§ Information given

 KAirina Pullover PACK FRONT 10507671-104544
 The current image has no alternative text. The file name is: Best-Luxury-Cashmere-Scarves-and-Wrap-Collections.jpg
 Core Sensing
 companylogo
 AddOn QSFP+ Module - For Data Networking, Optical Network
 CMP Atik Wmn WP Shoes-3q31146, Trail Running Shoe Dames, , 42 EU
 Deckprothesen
==
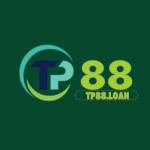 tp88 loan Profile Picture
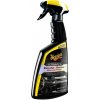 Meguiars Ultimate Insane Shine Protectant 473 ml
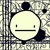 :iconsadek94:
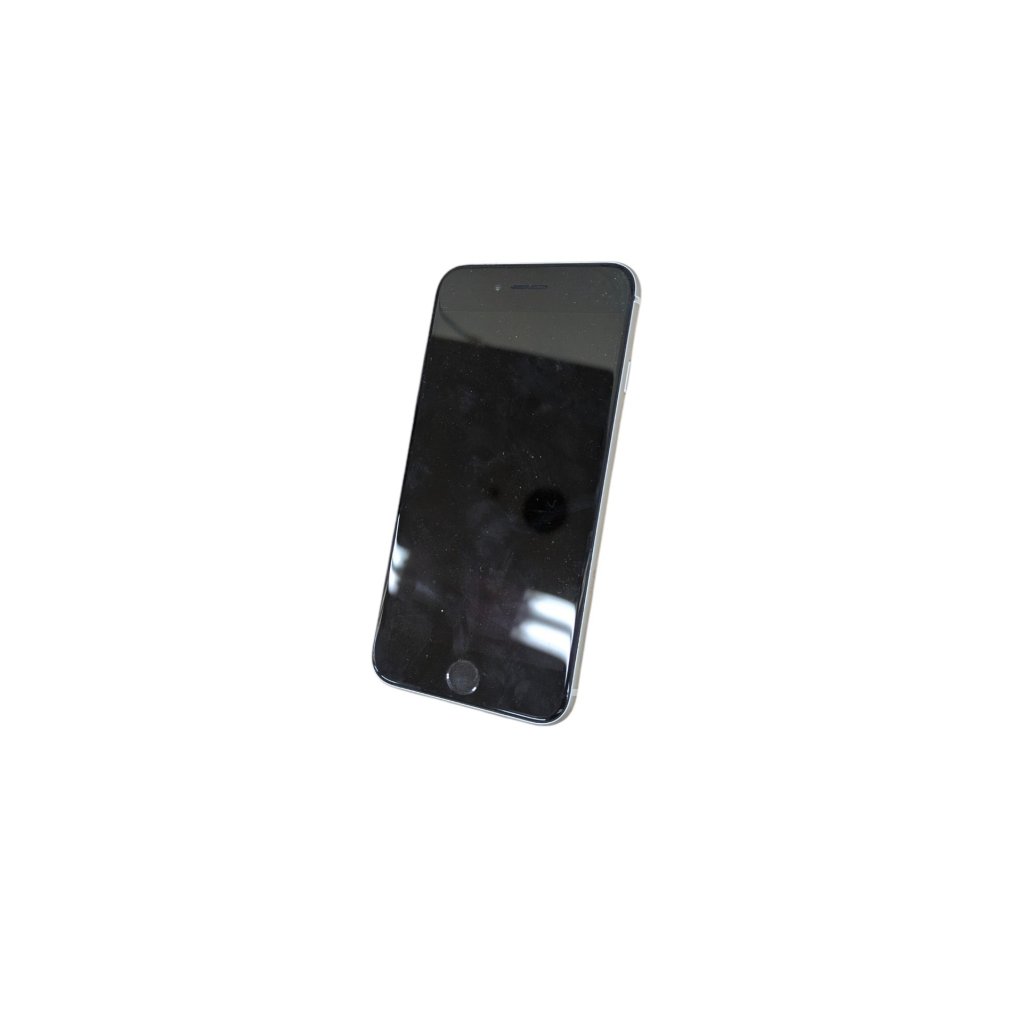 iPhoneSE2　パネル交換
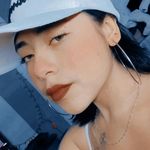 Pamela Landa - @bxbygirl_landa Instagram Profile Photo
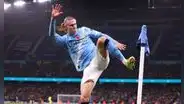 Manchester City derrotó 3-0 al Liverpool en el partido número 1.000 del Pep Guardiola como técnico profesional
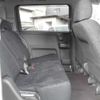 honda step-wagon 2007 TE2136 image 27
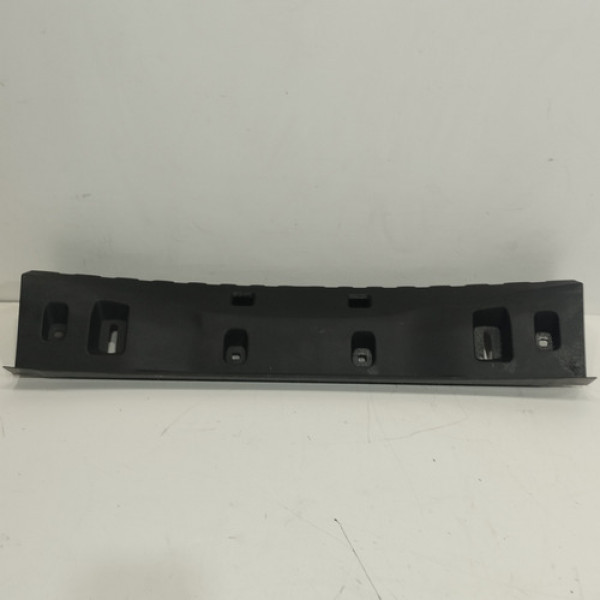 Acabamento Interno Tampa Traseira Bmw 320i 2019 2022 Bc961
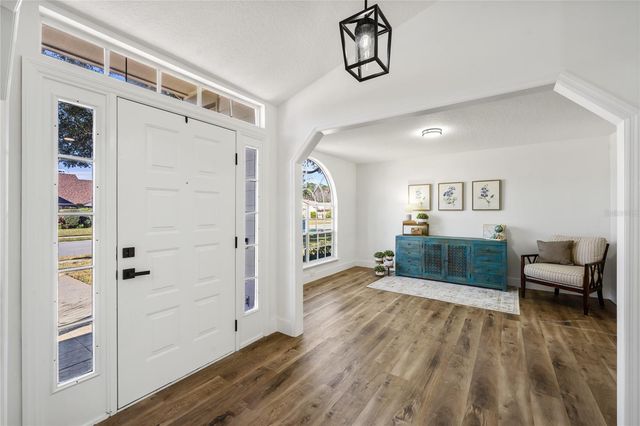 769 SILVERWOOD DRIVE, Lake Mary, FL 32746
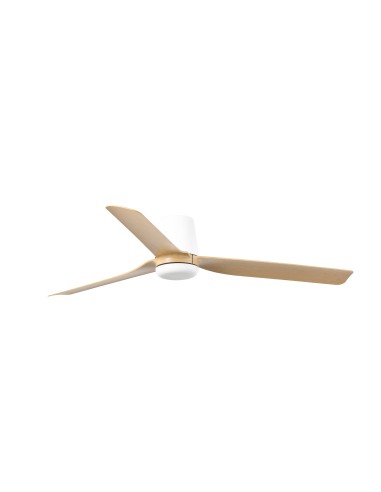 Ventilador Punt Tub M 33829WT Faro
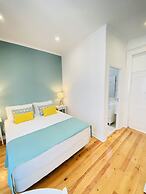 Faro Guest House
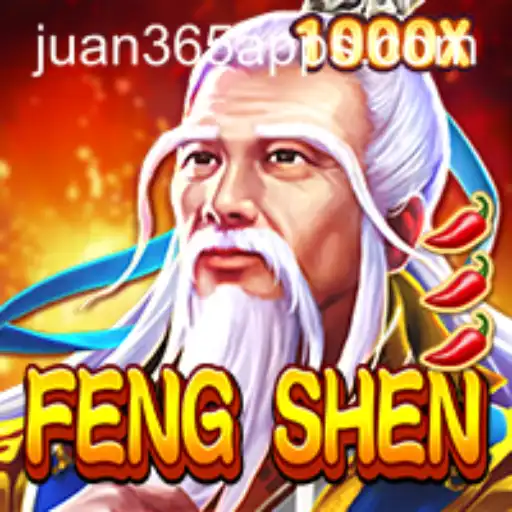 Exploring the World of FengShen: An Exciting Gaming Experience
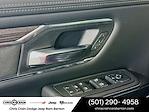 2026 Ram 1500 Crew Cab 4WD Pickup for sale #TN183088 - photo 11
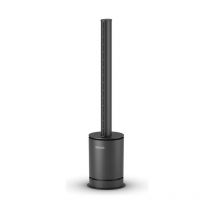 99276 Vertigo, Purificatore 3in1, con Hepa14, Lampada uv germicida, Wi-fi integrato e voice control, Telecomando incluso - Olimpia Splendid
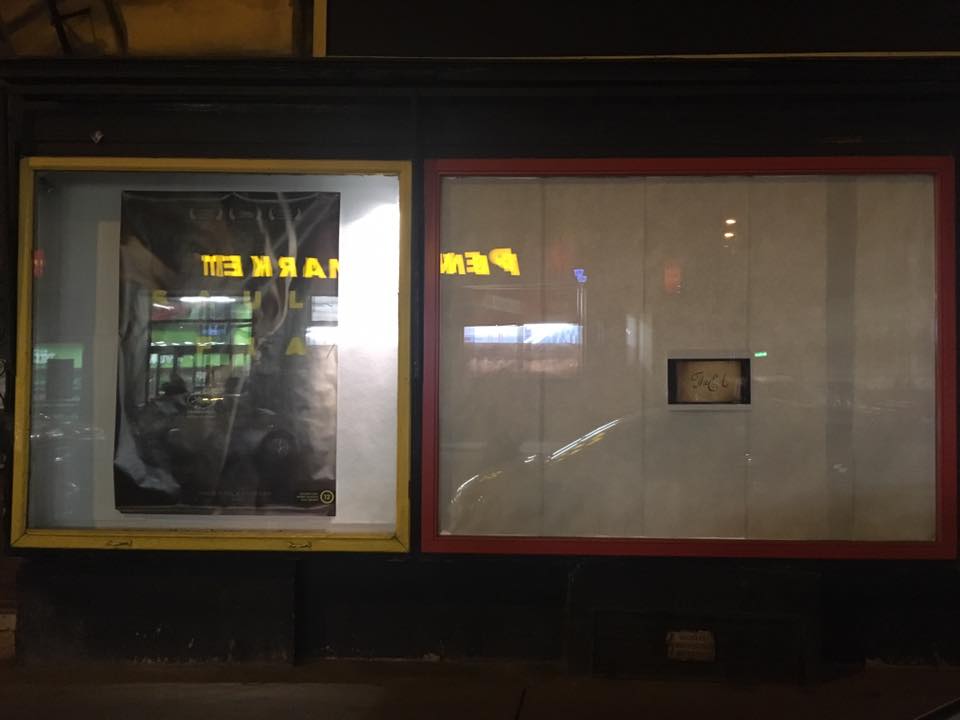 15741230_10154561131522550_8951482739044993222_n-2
* * *
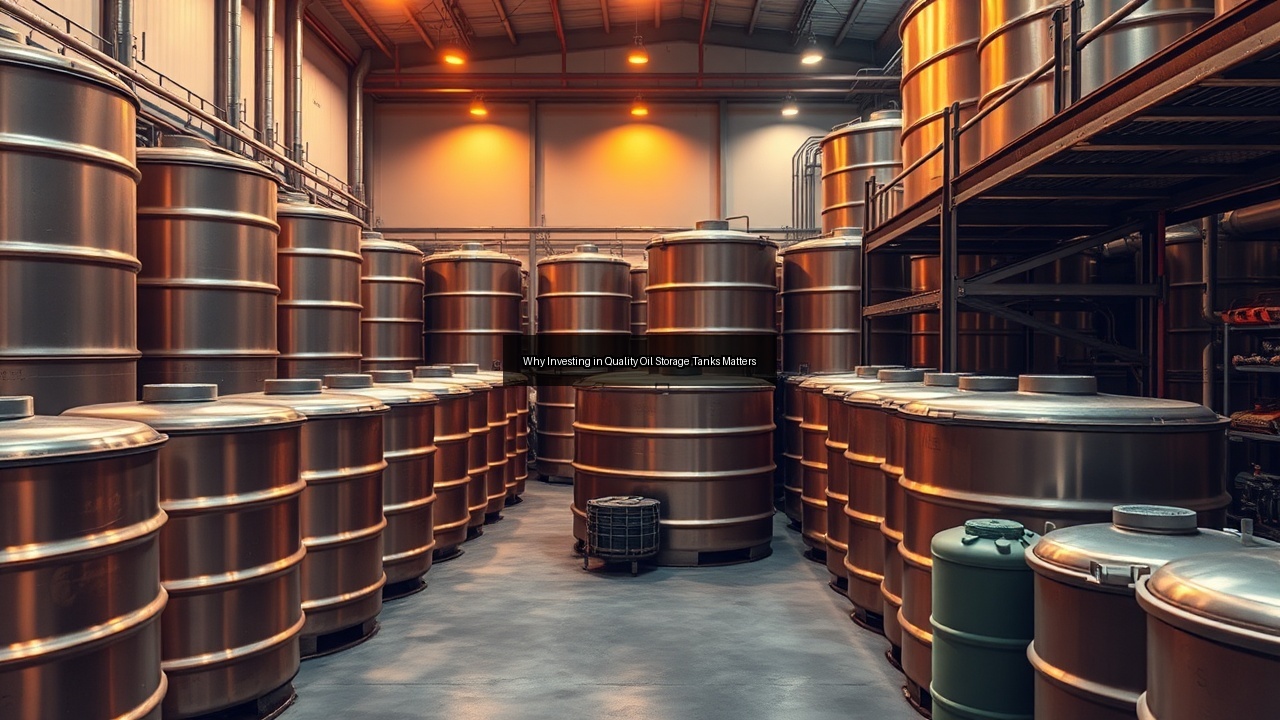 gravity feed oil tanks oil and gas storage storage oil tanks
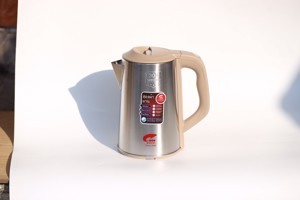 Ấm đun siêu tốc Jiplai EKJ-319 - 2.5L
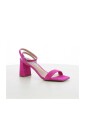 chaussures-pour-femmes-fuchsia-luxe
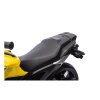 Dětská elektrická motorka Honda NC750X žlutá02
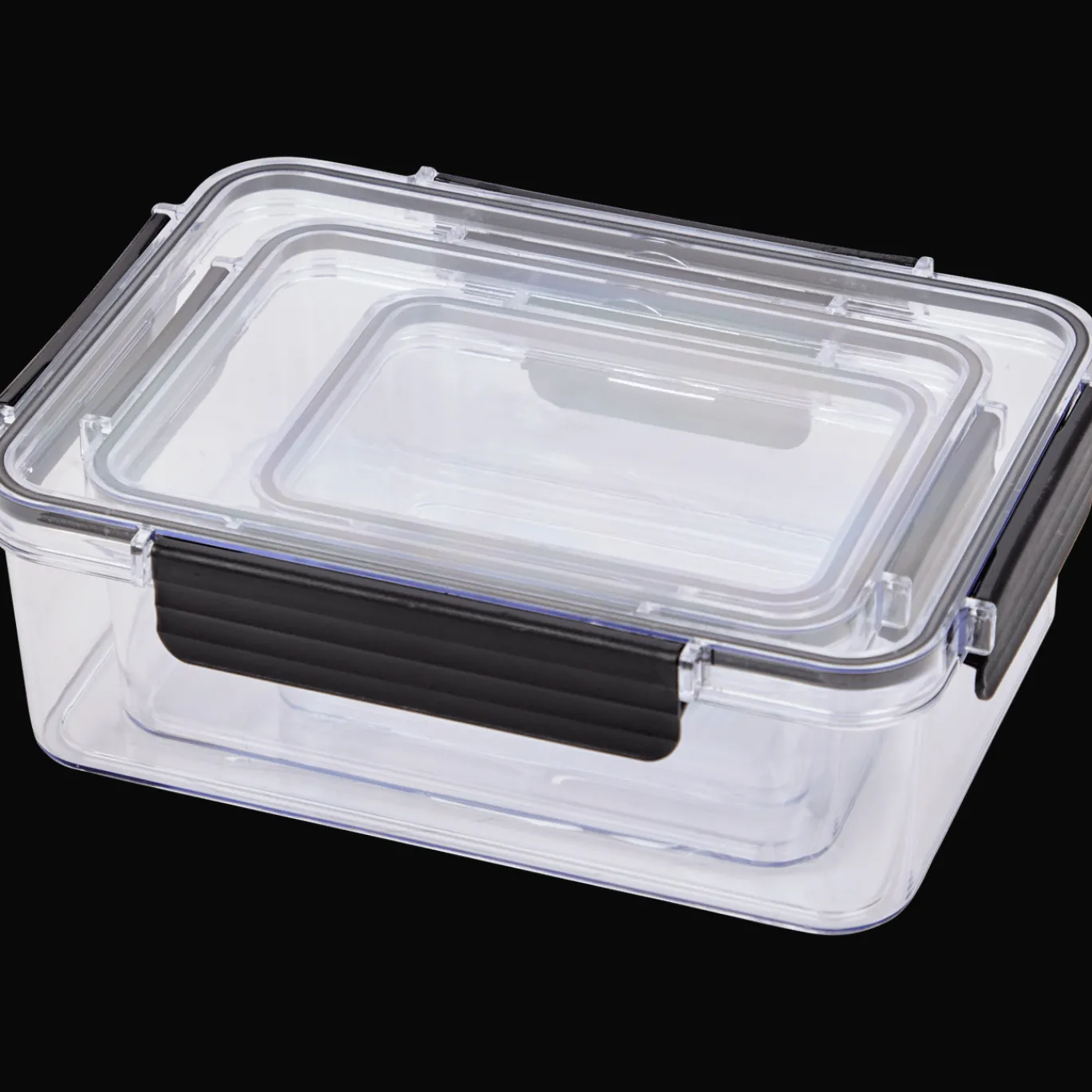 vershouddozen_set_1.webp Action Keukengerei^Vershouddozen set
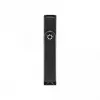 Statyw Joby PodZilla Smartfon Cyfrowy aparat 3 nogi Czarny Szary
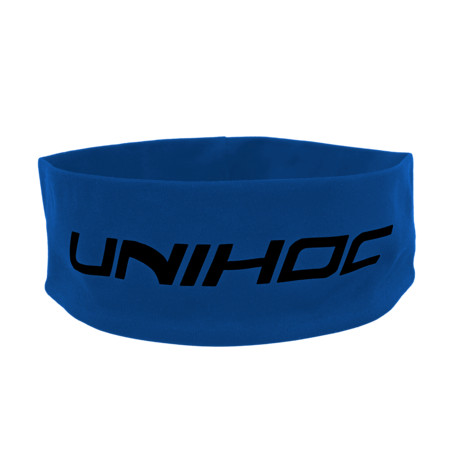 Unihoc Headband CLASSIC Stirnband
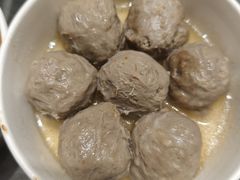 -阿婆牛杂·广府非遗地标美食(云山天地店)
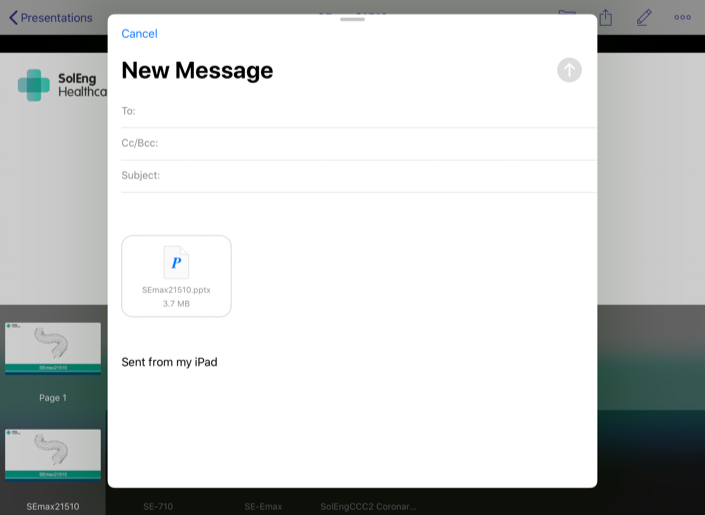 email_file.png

§ Your goal
Using the records above, write out exactly the lines between the one holding "The current image" and the one holding "Deckprothesen", inclusive; leave everything else out.

§ Answer for the task
 The current image has no alternative text. The file name is: Best-Luxury-Cashmere-Scarves-and-Wrap-Collections.jpg
 Core Sensing
 companylogo
 AddOn QSFP+ Module - For Data Networking, Optical Network
 CMP Atik Wmn WP Shoes-3q31146, Trail Running Shoe Dames, , 42 EU
 Deckprothesen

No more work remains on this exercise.